The drug almitrine is a respiratory stimulant which, when used to treat patients with acute respiratory distress syndrome (ARDS), has been shown to reduce shunt flow by redirecting blood flow within the lungs, allowing more oxygen to pass into the blood. By testing this drug in COVID-19 patients it is hoped that similar findings will be observed and insights can be gained into the optimal design of an oral treatment regimen.
Researchers secured funding from LifeArc to conduct a randomised controlled trial to assess whether orally administered almitrine bismesylate can relieve hypoxemia in COVID-19 infections versus oral placebo. The study population will be limited to willing hospitalised patients who have tested positive for COVID-19 and are requiring significant clinical intervention, in the form of supplementary oxygen with or without ventilatory support, to relieve their hypoxaemia. The trial will follow a randomisation ratio of 1:1, with each patient in the treatment arm receiving oral almitrine bismesylate, matched by a patient in the control arm receiving oral placebo. Participants will receive oral almitrine bismesylate or placebo every 4 hours for 7 days.

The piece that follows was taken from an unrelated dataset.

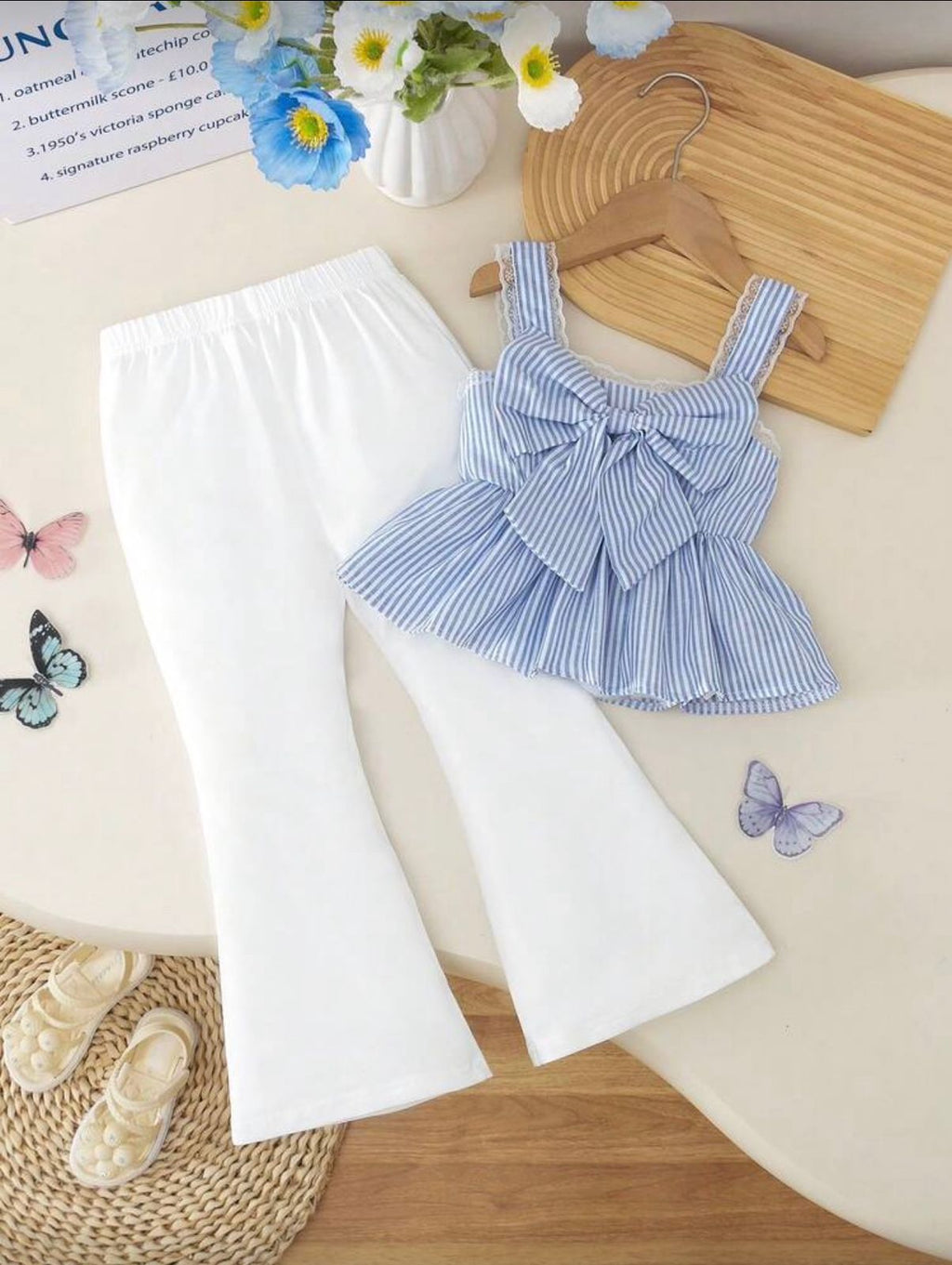 Conjunto infantil Blue Stripe Bow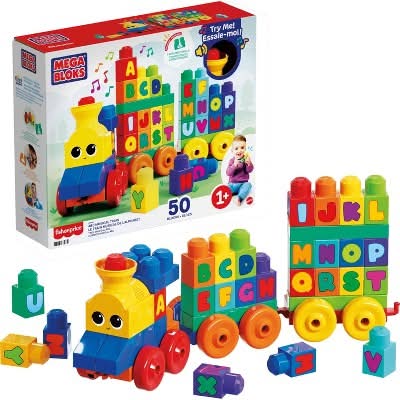 Mega Bloks Abc Musical Train Toy Building Blocks With Music 1+ (50 ct)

In the trial, the change in level of respiratory support over 7 days of treatment will be measured to know if almitrine bimesylate is effective. The level of respiratory support is gauged by the amount of oxygen required and the level of ventilatory support required according to an accepted ordinal scale.
The trial will be conducted at the Royal Berkshire NHS Foundation Trust (Reading), at the University Hospital of Wales (Cardiff) and at the John Radcliffe Hospital (Oxford).